According to Professor Andrew Watterson, an expert on environmental regulation from the University of Stirling, it was “a matter of profound concern” that so much information had been lost. “This has undoubtedly crippled large parts of Sepa’s work,” he said.
“It must make it impossible for the agency itself to function effectively and, also very important, for those outwith Sepa to find out how, for example, fish farm companies have been complying with environmental regulations and inspections.”
Friends of the Earth Scotland described the cyber attack as “devastating” and called for “lessons to be learned” across the public sector. “Data which might have resulted in action against polluting companies is gone forever,” said the environmental group’s director, Dr Richard Dixon.
“It is a virtual certainty that the Scottish environment is in a worse state today because of the cyber attack, and this will be as frustrating for Sepa staff as it is for groups like ours.”
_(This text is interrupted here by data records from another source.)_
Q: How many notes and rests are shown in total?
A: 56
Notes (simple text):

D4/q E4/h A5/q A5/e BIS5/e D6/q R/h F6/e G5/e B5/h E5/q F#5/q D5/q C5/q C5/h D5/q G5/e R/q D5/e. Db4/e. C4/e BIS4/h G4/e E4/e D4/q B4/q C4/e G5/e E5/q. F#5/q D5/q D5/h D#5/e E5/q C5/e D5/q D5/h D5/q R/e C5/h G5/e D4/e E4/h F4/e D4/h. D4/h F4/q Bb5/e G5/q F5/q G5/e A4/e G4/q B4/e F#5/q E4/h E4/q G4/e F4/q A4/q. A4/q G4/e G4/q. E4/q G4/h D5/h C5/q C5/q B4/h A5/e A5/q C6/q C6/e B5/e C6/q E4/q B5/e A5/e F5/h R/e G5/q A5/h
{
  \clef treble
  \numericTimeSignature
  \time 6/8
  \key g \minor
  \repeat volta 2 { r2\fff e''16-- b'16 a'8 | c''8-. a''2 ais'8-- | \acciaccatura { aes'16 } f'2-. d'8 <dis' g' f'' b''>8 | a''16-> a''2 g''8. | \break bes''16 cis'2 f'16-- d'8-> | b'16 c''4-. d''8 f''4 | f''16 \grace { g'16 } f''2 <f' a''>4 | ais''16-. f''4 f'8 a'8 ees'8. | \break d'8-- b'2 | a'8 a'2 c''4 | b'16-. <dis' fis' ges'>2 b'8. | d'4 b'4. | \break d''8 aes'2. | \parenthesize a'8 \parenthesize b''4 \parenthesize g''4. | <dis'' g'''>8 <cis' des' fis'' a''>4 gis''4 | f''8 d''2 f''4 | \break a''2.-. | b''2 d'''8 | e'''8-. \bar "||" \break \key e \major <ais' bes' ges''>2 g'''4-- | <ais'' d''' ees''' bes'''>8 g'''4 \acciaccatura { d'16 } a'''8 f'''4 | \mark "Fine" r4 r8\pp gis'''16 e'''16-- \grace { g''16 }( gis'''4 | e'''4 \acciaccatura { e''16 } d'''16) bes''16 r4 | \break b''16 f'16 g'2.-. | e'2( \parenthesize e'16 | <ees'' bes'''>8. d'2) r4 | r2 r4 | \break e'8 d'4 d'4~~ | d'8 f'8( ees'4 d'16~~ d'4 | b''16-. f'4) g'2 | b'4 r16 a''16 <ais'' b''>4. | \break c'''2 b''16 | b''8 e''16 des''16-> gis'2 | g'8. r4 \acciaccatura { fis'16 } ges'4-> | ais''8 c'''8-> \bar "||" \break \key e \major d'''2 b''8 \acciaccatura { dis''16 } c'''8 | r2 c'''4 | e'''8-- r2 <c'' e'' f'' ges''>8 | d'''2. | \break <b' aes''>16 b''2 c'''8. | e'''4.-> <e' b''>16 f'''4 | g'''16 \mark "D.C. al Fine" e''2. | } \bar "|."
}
The Scottish Environment Protection Agency accepted that it hadn’t been able to recover all “significant” data. “We remain confident that we’ll recover the most important environmental data, with good progress being made on significant data sets,” said acting chief executive, Jo Green.
“We’re not rebuilding what we had. We’re building better, more accessible systems for the future which allow direct public interrogation of more of the information we hold.”
Green stressed that Sepa had been able to reinstate many of its vital services. “Make no mistake, recovering from serious and significant internationally organised cyber-crime is challenging and complex,” she added.
“Audit Scotland made clear that no organisation can fully defend itself against the threat of today’s sophisticated cyber attacks and that Sepa was on a solid starting position. This reflected the findings of a series of independent audits commissioned and published by Sepa to share our learnings widely.”
Green agreed with the auditor that “recovery will take time”. But she argued that across the 14 months since the attack had taken place Sepa was “recovering”.
She continued: “We’ve been open and transparent about our readiness, resilience, response and recovery, publishing clear service status updates. Whilst we know there’s more to do, it’s important to recognise that colleagues working across Scotland have achieved a lot.”
Green has replaced Sepa’s former chief executive, Terry A’Hearn, who resigned suddenly on 21 January after unspecified “conduct allegations”.
The Scottish Government said it was working closely with Sepa to mitigate risks. “It is deeply regrettable that information was lost as a result of the cyber attack, which caused considerable disruption,” a spokesperson added.
“Sepa has worked hard to recover and to make sure the impact on their services was minimised. This includes vital work on flood avoidance, protection and warning services, helping Scotland respond to serious storms, and tackling serious and organised waste crime.”